Health Care – What is it, anyway?
Sep 16th, 2009
President Obama gave a great speech to Congress a week ago, following up with a with even a stronger defense of his health care ideas yesterday in a speech to the AFL-CIO. Great arguments, great passion and a great show of resolve. Not much change, however; not even close to the kind of change I voted for. Don’t get me wrong. I strongly support health insurance reform, but the president and congress will bring no sanity to a needlessly complex, expensive and cruel system.
I was disappointed that the president ducked the opportunity to define American Health Care and instead left us with a mish-mash of fixes to the current system. Reform is not in the details, Mr. Obama; it requires rethinking of the issue; seeing the big picture. By failing to set a defining base of what health care can and should be, the president has played right into the hands of those who profit most from preserving the status quo.
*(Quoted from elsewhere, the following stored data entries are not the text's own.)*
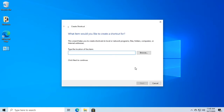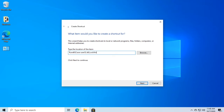In the box, type: rundll32.exe user32.dll, LockWorkStation — then click Next.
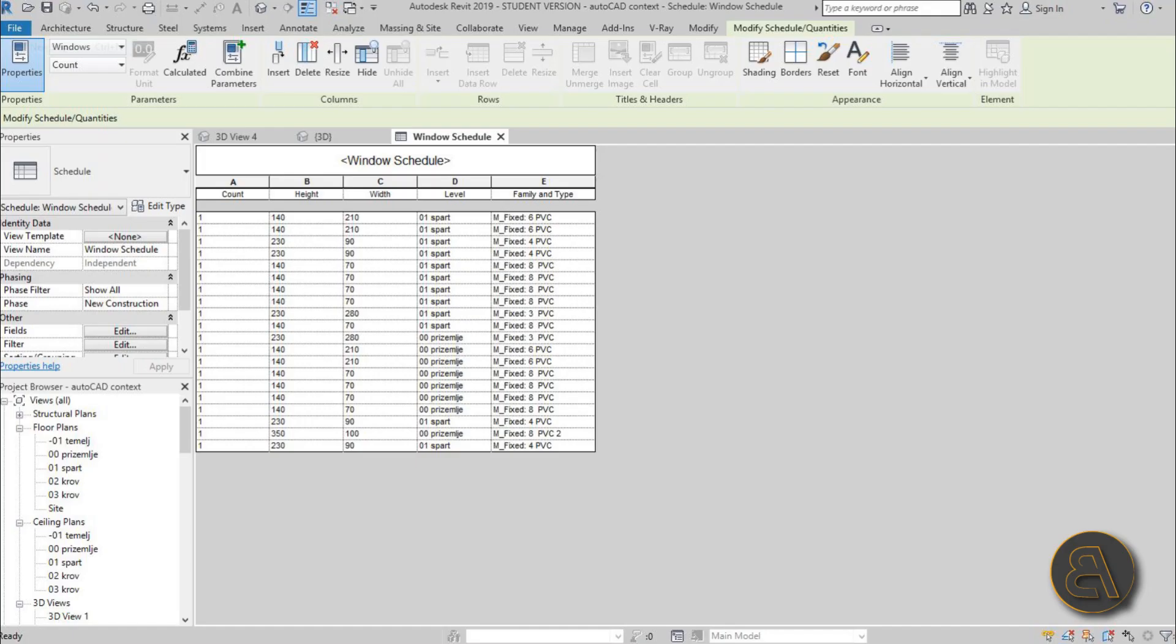What's going on guys, Balkan Architect here. In today's tutorial I'm going to be showing you how to export from a Revit schedule into Excel. Excel is basically the main spreadsheet software that everybody uses.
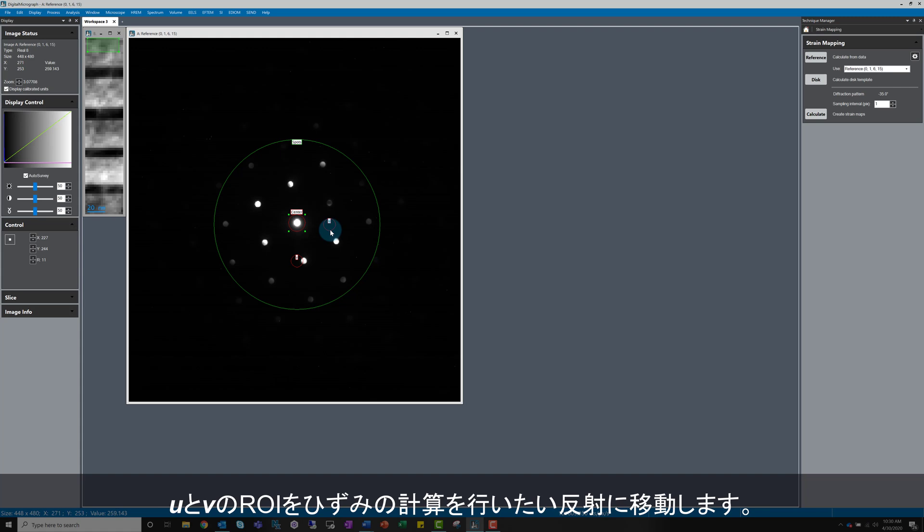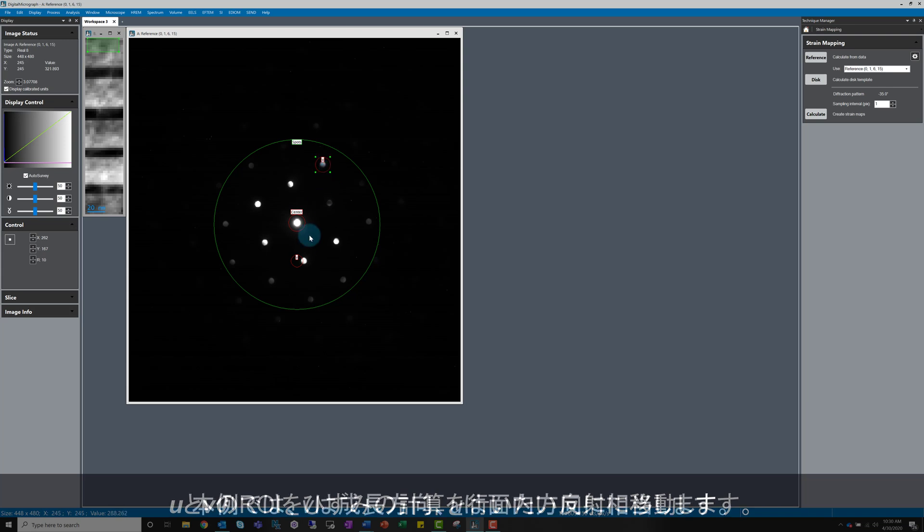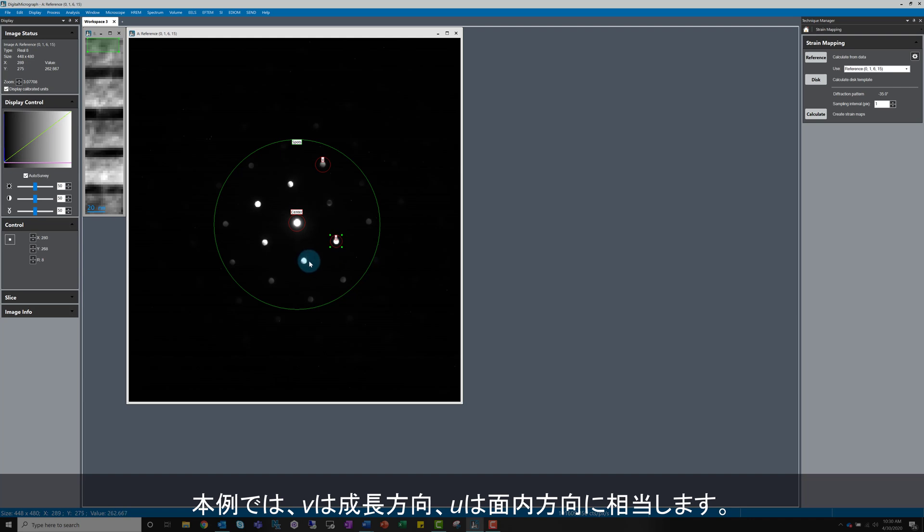Now move the U and V circles onto the reflections which correspond to directions in which you want to calculate the strain. In this example, I'm selecting V as the growth direction and making U the in-plane direction.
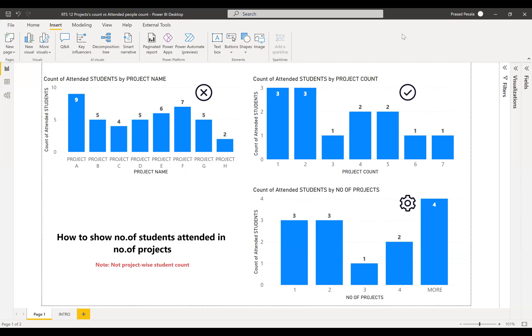Hi friends, this is Prasad. You're watching Power BI with Prasad. Today, again, I come up with a new real-time scenario which was asked by one of our subscribers.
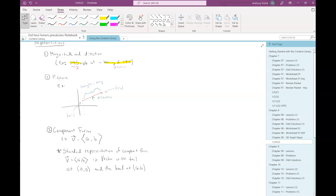So we have three ways to represent a vector: we can describe it via magnitude and direction, we can describe it with a picture, or we can describe it in component form. We're going to introduce a little bit of notation and then spend time talking about how we can move back and forth between these different forms — from component form to magnitude and direction, or from a graph to component form to magnitude and direction.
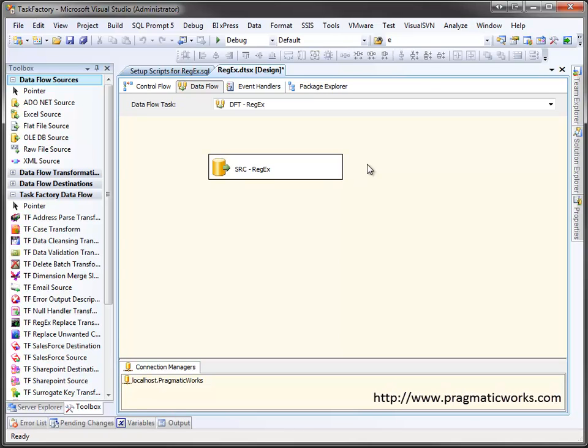If you're a regular expression guru, you've probably wished you could use regular expressions right within your SSIS packages. With the regex replace transform, part of the Task Factory suite of SSIS components from Pragmatic Works, you can do just that.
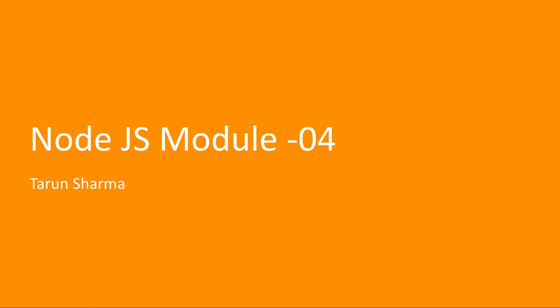Hi everyone and welcome back. Welcome to Module 4 for the Node.js Master's course.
Alternative Visions of Health Care
Health care can be thought of as infrastructure. Like our interstate highway system, it promotes our defense and progress as a nation. We need healthy people to defend our land and to provide the spirit and energy that promotes innovation and competition. That provides a great practical argument for expanding existing insurance programs to cover everyone. There are a number of different ways to structure this. The basic idea is that your health is a vital national interest; not just something useful to a full-time employer.
But we can do better. I believe that good health should be declared a constitutional right. Like privacy, it is a necessary condition for “life, liberty and the pursuit of happiness.” In order to protect that right, the government has a responsibility to insure that all of its citizens have access to good health care.
No one should die because they cannot afford health care, no one should go broke because they get sick, and no one’s child should miss a doctor’s appointment because it costs too much.
Let’s add that everyone should get good preventive care to prevent disease before expensive treatment becomes necessary. I’m talking about free, regular medical checkups for everyone! Then a combination of public and reformed private insurance to cover the costs of hospital stays, surgeries, therapy and long term disability.
Can we afford this? Yes! Of course we can. Done right, cost savings and productivity gains will be huge. But even so, what’s so wrong with raising some taxes; or perhaps, ending one of our very expensive wars.